Exposure to air pollution could be responsible for 15% of global COVID-19 cases, a new study published on Tuesday in the Cardiovascular Research Journal found.
The research, conducted by Andrea Pozzer, Francesca Dominici, Andy Haines, Christian Witt, Thomas Münzel, and Jos Leliveld, analyzed the respiratory viruses SARS and COVID-19 to understand the effects of air pollution.
By comparing the number of positive SARS and COVID-19 cases to satellite data and air pollution monitoring networks, the researchers were able to investigate how air pollution increases the likelihood and severity of respiratory viruses.
When people inhale polluted air, the chemicals travel from the lungs and can cause severe oxidate stress on the blood and blood vessels, according to the study.

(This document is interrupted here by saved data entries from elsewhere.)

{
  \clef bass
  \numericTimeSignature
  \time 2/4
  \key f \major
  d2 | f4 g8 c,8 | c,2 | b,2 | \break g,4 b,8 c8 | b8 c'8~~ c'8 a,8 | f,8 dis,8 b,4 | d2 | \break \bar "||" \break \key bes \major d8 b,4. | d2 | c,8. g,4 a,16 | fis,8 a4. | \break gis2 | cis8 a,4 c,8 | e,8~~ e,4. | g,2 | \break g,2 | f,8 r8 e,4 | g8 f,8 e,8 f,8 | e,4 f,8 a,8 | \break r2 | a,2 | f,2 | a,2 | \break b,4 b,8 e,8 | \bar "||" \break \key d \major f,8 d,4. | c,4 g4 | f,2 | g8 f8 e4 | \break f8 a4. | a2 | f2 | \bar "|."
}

Oxidants in the body usually repair damage to cells, so when they are under stress the entire body can be affected.
This can cause damage to the arteries and endothelium (tissue in the blood vessels, heart, and lymphatic vessels) which puts people at risk of serious diseases or health complications.
“Air pollution, especially by fine particulate matter, is responsible for pulmonary and cardiovascular diseases, leading to excess mortality from COPD [chronic obstructive pulmonary disease], lung cancer, pneumonia, heart attacks, and strokes,” Leliveld told Global Citizen.

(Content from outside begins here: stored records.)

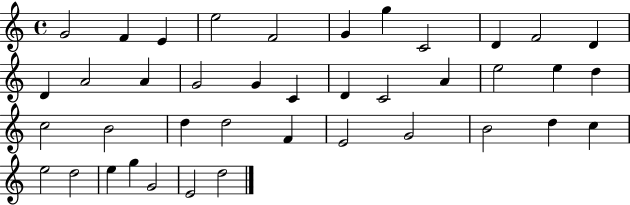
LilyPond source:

{
  \clef treble
  \time 4/4
  \defaultTimeSignature
  \key c \major
  g'2 f'4 e'4 | e''2 f'2 | g'4 g''4 c'2 | d'4 f'2 d'4 | \break d'4 a'2 a'4 | g'2 g'4 c'4 | d'4 c'2 a'4 | e''2 e''4 d''4 | \break c''2 b'2 | d''4 d''2 f'4 | e'2 g'2 | b'2 d''4 c''4 | \break e''2 d''2 | e''4 g''4 g'2 | e'2 d''2 | \bar "|."
}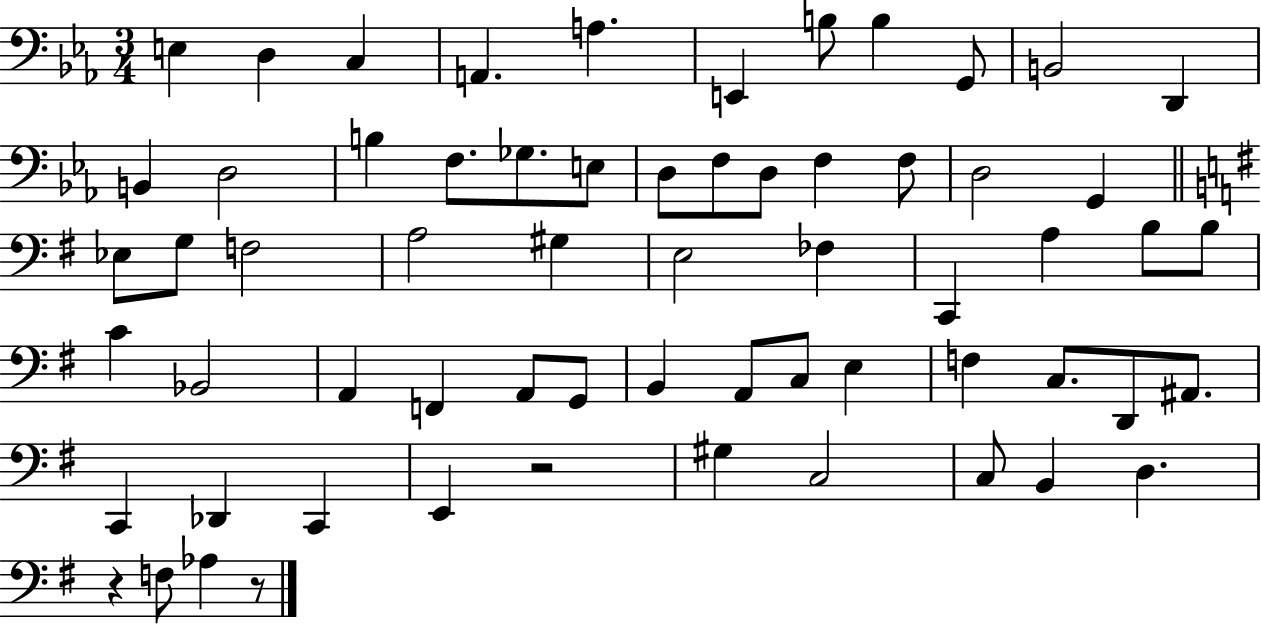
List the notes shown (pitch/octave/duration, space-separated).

These conditions make people more at risk of COVID-19 and increase the threat of mortality if people test positive.
Another researcher, Pozzer, clarified to Global Citizen that it is “therefore not clear if air pollution increases the chance of being infected [with COVID-19] but for sure increases the chances of a fatal outcome, possibly due to pre-existing conditions.”
The authors were able to calculate the percentage of COVID-19 cases that could be influenced by air pollution for every country in the world.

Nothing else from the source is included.